The mechanism of BAM-assisted OMP folding

Outer membrane proteins (OMPs) mediate the survival and pathogenicity of Gram negative bacteria. The biogenesis of these proteins, however, presents problems as they must be transported to, inserted and folded correctly in the outer membrane in the absence of ATP. This problem is resolved by the β-barrel assembly machinery (BAM) complex: a ~203 kDa complex of five proteins (BamA-E) that enables the membrane insertion and folding of substrate OMPs on a physiological timescale. Despite available crystal structures, the mechanism of this vital protein complex remains poorly understood.
In this thesis I use a variety of structural and biochemical tools to probe the nature of BAM-assisted OMP folding, particularly the role of BamA dynamics. Successful purification of the intact BAM complex in the detergent DDM allowed the first cryo-electron microscopy structure of the complex to be obtained, at a resolution of 4.9 Å. This reveals the intact BAM complex with BamA in a laterally-open conformation in which the first (β1) and last (β16) strands of the barrel are no longer hydrogen bonded.
In addition, biochemical assays provide the first in vitro evidence of the functional importance of BamA lateral gating in OMP folding. These assays demonstrate that in a reconstituted system utilising the BAM complex, inhibiting the lateral gating of BamA by incorporating new disulphide bonds diminishes the ability of BAM to assist substrate folding. This is shown with two different OMP substrates, tOmpA (the β-barrel domain of OmpA) and OmpT. In synthetic lipids, however, the presence of prefolded BamA is sufficient to aid substrate folding and inhibition of lateral gating by disulphide bonding in this case does not diminish the catalytic effect. The results indicate that BamA likely adopts different roles depending on substrate and lipid.

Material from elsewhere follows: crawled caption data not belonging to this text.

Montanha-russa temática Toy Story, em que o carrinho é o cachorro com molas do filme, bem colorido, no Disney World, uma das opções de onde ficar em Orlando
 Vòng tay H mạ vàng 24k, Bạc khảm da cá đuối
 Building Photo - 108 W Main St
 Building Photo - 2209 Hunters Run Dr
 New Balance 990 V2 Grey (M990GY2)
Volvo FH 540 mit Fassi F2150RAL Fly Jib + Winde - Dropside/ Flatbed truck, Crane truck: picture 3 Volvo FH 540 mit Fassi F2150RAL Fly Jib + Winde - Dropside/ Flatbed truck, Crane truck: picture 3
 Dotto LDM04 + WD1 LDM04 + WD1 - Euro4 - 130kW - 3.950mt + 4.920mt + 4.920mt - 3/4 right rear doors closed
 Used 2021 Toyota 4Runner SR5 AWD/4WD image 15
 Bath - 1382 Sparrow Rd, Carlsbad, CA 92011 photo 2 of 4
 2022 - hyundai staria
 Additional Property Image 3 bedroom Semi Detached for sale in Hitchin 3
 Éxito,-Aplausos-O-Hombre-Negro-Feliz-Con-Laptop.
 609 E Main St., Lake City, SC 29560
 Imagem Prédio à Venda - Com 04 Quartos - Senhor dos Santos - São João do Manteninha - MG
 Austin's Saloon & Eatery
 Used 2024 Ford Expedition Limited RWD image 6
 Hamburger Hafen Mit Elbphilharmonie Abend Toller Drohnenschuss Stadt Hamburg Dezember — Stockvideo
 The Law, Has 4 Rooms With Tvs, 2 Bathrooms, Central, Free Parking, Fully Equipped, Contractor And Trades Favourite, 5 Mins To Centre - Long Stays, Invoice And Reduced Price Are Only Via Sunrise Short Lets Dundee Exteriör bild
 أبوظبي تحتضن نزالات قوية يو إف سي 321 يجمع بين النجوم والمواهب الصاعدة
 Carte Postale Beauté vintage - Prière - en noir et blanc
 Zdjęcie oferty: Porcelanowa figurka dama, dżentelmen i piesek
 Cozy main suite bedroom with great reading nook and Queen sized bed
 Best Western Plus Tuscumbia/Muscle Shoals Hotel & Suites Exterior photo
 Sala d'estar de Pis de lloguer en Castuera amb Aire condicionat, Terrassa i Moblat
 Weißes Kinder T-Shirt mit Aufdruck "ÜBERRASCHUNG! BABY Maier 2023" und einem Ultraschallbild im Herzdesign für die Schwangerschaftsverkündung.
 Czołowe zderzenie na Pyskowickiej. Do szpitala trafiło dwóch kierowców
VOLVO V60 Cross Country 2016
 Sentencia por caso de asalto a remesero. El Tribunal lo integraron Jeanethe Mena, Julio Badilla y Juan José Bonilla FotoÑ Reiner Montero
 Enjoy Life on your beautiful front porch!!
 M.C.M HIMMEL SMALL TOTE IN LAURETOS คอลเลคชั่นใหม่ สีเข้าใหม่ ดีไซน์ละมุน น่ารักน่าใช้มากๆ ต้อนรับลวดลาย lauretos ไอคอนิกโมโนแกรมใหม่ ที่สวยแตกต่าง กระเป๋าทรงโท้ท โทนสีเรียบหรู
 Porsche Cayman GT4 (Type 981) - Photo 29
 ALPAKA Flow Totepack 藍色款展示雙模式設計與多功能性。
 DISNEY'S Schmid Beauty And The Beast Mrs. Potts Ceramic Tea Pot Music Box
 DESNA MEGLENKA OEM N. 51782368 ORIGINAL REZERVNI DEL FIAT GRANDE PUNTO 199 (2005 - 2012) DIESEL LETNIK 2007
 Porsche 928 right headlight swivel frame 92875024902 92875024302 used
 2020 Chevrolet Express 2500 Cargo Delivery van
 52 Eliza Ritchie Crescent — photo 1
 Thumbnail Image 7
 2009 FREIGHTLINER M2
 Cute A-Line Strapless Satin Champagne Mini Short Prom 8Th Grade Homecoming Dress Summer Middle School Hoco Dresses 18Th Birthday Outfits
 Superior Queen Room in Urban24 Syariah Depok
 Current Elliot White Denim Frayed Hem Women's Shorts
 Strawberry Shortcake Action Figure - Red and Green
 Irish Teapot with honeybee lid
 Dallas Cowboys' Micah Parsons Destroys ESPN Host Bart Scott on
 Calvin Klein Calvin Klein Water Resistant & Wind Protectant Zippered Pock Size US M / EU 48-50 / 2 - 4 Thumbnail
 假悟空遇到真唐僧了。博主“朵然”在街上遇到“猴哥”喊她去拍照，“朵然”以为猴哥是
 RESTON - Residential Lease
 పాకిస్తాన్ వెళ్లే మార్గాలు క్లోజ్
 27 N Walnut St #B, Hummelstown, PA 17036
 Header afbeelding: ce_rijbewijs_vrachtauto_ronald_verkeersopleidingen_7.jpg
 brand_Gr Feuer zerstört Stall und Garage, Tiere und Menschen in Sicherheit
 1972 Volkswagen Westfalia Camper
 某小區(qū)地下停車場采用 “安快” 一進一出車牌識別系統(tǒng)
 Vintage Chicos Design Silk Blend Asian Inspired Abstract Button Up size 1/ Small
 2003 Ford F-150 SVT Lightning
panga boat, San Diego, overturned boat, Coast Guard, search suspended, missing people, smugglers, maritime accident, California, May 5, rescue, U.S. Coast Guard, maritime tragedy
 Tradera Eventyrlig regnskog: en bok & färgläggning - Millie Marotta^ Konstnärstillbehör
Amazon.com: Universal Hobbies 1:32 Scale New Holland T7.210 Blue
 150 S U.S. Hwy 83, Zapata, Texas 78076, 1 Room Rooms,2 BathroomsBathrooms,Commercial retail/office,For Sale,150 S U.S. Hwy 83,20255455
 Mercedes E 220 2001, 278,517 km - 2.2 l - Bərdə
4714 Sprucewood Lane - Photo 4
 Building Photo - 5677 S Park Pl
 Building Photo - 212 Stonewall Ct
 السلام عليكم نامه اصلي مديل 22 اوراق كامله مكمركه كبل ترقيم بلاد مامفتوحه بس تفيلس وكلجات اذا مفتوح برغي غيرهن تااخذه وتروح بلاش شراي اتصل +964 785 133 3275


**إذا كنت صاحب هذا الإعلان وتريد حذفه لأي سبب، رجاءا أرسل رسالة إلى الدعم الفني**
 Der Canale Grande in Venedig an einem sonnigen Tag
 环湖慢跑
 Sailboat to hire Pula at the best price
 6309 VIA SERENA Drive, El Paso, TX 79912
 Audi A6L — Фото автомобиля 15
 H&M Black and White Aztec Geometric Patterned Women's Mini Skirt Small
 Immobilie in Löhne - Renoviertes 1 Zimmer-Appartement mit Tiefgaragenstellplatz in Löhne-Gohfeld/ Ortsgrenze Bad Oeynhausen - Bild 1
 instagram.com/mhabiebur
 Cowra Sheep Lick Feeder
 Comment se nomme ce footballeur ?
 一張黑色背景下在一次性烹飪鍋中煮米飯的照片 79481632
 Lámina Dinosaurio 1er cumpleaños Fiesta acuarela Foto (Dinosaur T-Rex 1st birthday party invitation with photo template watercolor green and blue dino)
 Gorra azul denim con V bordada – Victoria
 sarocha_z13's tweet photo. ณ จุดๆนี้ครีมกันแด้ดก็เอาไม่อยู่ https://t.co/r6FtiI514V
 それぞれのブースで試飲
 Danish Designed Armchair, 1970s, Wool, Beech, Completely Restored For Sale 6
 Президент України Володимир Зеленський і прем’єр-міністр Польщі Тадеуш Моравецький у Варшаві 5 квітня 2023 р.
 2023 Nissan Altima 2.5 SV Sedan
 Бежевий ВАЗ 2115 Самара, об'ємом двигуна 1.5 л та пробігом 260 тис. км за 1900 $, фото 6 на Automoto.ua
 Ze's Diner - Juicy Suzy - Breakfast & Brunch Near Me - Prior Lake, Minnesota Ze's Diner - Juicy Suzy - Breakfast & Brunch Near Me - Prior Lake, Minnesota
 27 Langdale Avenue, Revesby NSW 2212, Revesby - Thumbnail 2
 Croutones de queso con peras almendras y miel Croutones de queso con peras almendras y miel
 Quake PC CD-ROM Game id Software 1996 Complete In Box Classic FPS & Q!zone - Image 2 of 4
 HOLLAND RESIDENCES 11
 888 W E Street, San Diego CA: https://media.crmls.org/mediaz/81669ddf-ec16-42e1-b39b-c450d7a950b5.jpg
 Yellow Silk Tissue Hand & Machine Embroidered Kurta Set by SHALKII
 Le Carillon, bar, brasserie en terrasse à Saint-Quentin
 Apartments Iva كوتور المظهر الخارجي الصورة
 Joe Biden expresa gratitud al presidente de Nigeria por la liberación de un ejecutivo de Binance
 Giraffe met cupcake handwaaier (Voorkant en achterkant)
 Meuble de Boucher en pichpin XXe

Furthermore, this thesis discusses preliminary experiments towards determining the significance of the β-signal: a conserved sequence found towards the C-terminus of OMPs hypothesised to be important for recognition by BamA. The results show that while some mutations may slow the protein’s intrinsic folding into the membrane they do not affect the apparent BamA-catalysed folding rate. However, other single amino-acid substitutions appear to incur a large energetic penalty, rendering the protein incapable of adopting its stable β-barrel structure. Combined, the data allow us to begin dissecting the mechanism of BAM-assisted folding of OMPs, particularly the role of BamA in passive membrane destabilization or active lateral opening.